Publisher: Intercollegiate Studies Institute • 2006 • 345 pages
Deja Reviews

When Florence King writes, even liberals can’t help laughing — though most of her barbs are aimed directly at them. The Washington Post calls her “one of the few contemporary American essayists of sufficient pungency and wit as to be almost always worth reading” — and even the New York Times concedes that “she can write a mean tour de force.” Conservatives love her, of course, even when she holds their feet to the fire. Now, you can enjoy some of her very finest and funniest writing in “Deja Reviews: Florence King All Over Again” — a handsome 360-page hardcover collection of each and every one of the glorious essays and unrivalled book reviews Miss King penned for National Review and The American Spectator up until her (now happily revoked!) retirement in 2002.

Great writing is timeless, and so it is with “Deja Reviews.” No matter how “old” her review, no matter how dated the topic of an essay, you’ll find that each piece is as fresh as a slap in the face, as biting as an angry asp, and as funny as all heck! Included here are such classic, hilarious essays as “I’d Rather Smoke Than Kiss,” “A Wasp Looks at Lizzie Borden” and “South Mouth: Why Liberals Hate Dixie” — plus 59 book reviews, the milieu where Miss King’s talents are on their most glorious display.
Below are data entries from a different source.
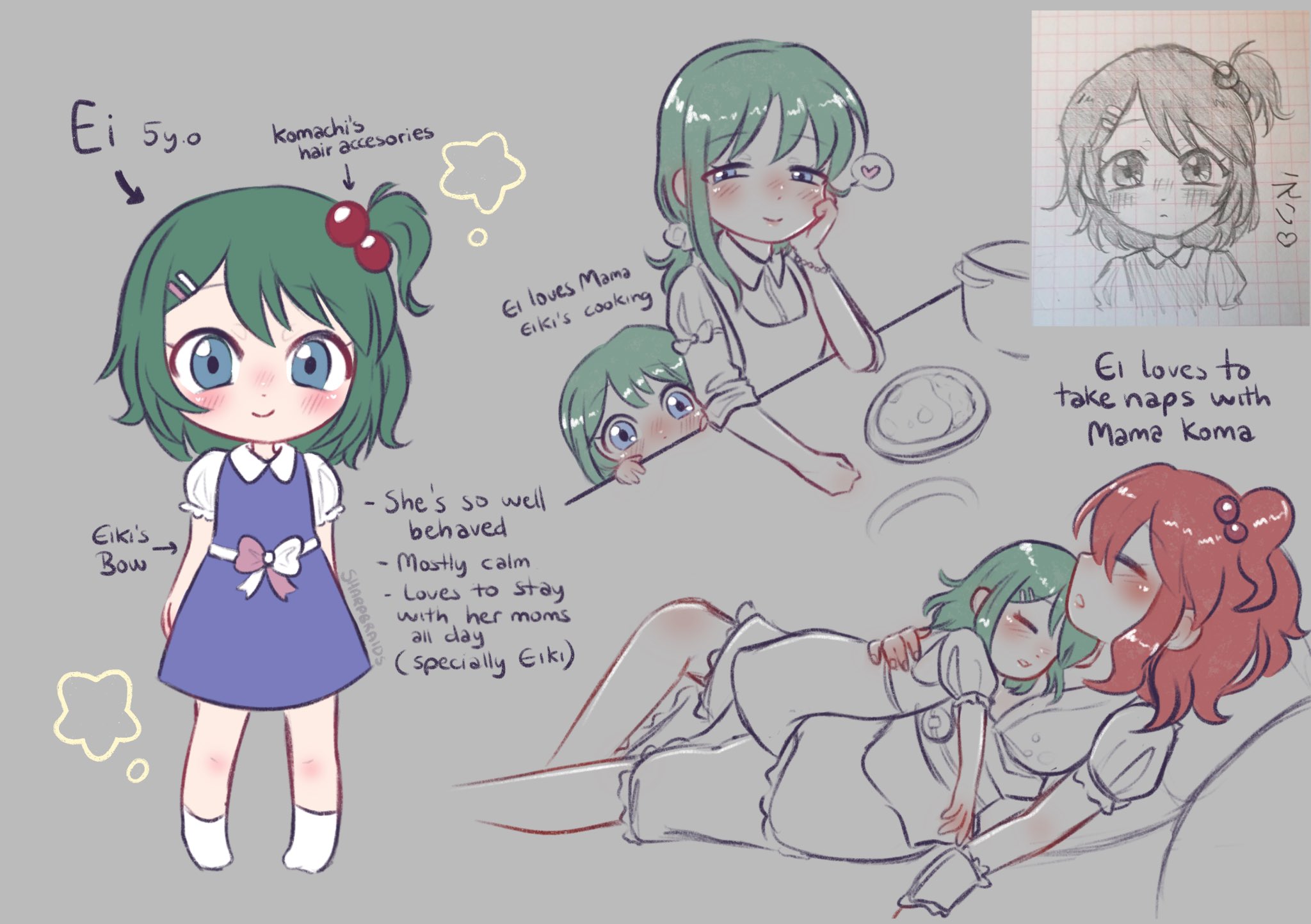 onozuka komachi, shiki eiki, touhou, commentary, english commentary, highres, 3girls, blue eyes, ei (sharpbraids), english text, green hair, grey background, hair bobbles, hair ornament, heart, multiple girls, one side up, red hair, sharpbraids, shorts, simple background, sleeping, star (symbol), twitter username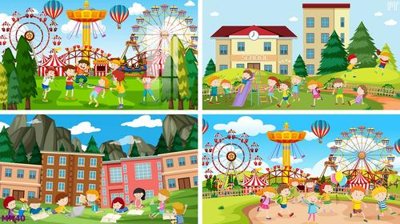 Download file gốc File tranh mầm non lớp học trường học MN40 (in mica) trang trí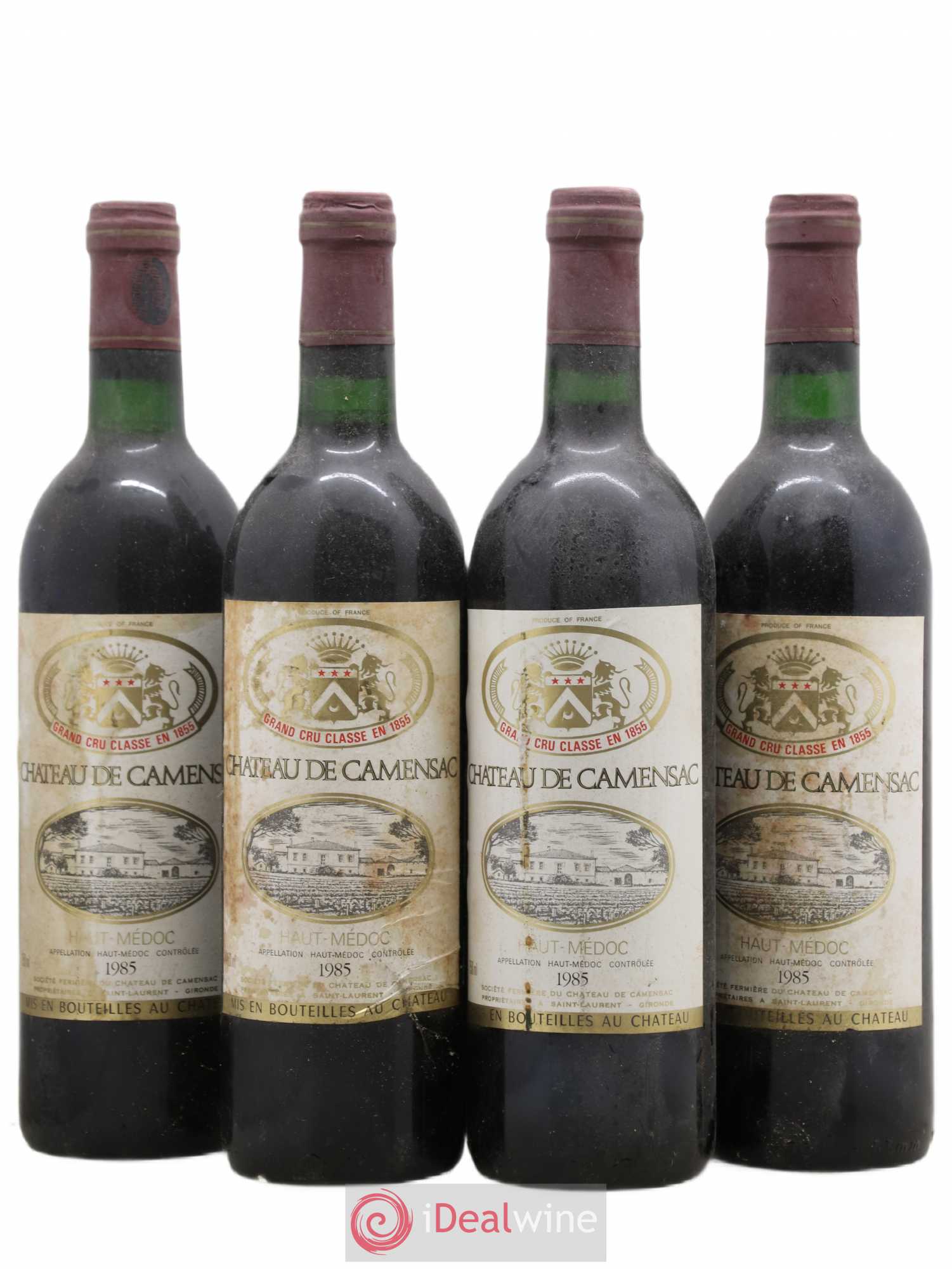 Château Camensac 5ème Grand Cru Classé 1985 - Lot de 4 bouteilles - 0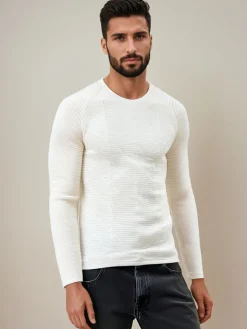 Swetry Męskie>Dstreet Sweter męski ecru WX2301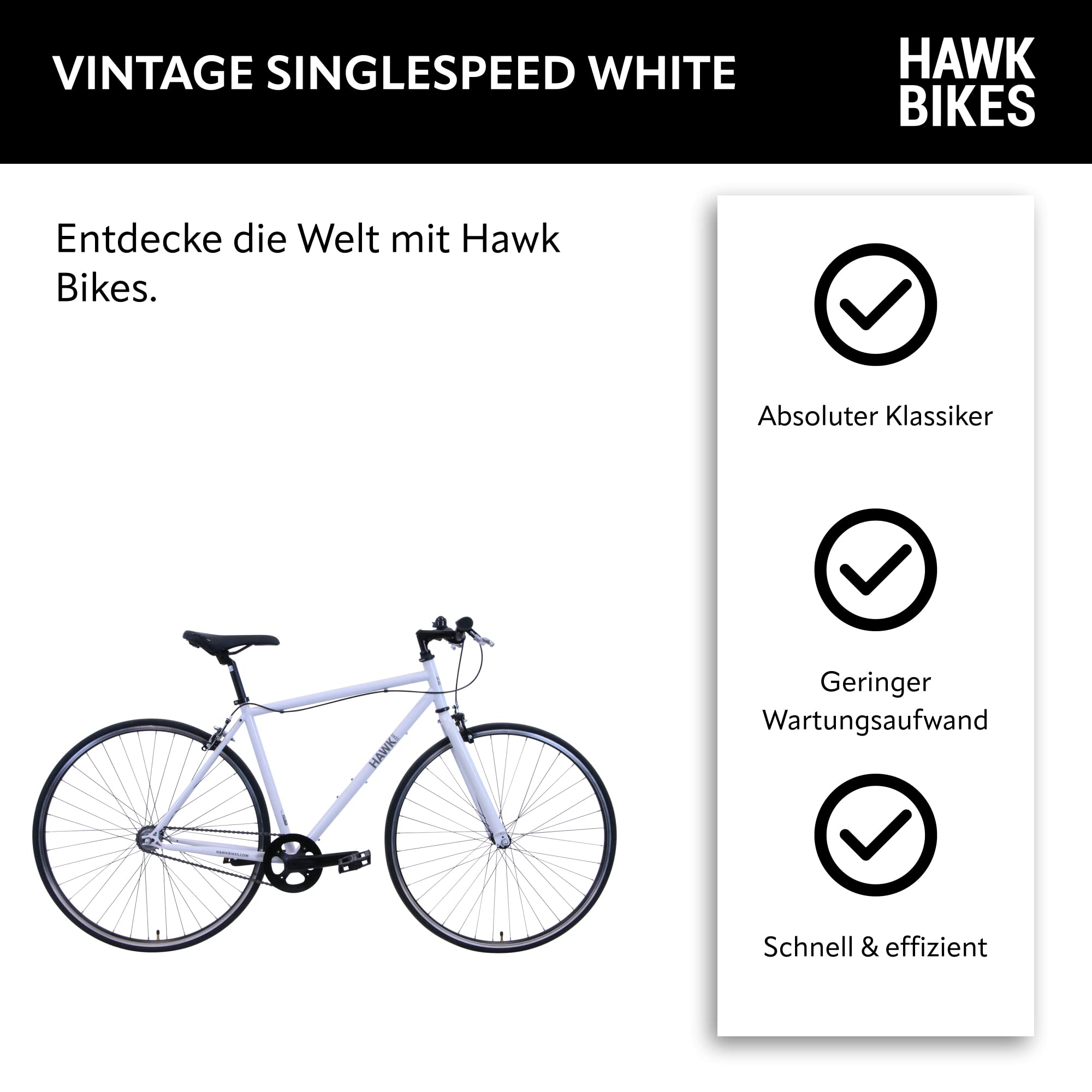 HAWK Vintage Singlespeed Fahrrad 28 Zoll Herren & Damen (48 cm) I Sportliches Fixie mit klassischem Stahlrahmen I Rennrad mit Felgenbremse I White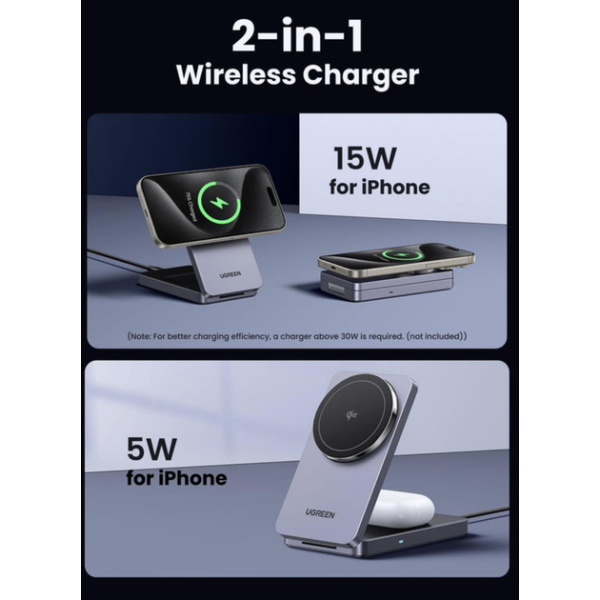 Зарядна станція UGREEN MagFlow Qi2 2-in-1 MagSafe Charger 20W Fast Charger Black
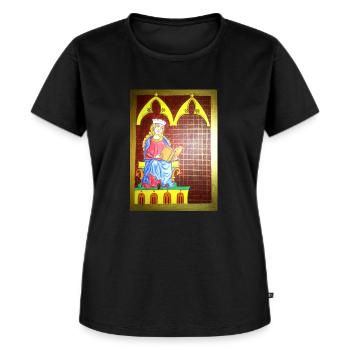 reading lady - Women's Premium Organic T-shirt - black - Front - Selfina (174cm)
Indeed, it would be hard to top this opening paragraph of one such review:

Back in the Cold War, whenever I had to review an unreadable book, I always comforted myself with the thought, ‘Maybe the Russians will drop the Bomb and I won’t have to finish reading this.’ Those were the days. This time, stuck with A Pilgrim’s Way: The Personal Story of the Episcopal Bishop Charged with Heresy for Ordaining a Gay Man Who Was in a Committed Relationship, by the Rt. Rev. Walter C. Righter, author of the longest subtitle in publishing history, all I could hope for was an asteroid.

As conservative commentator writes in his introduction, “The lady knows nothing of mediocrity. Which may be why any collection of her writings goes off like a fireworks display. Any attempt at transition between the blasts would be ludicrous, like playing a waltz between artillery barrages.”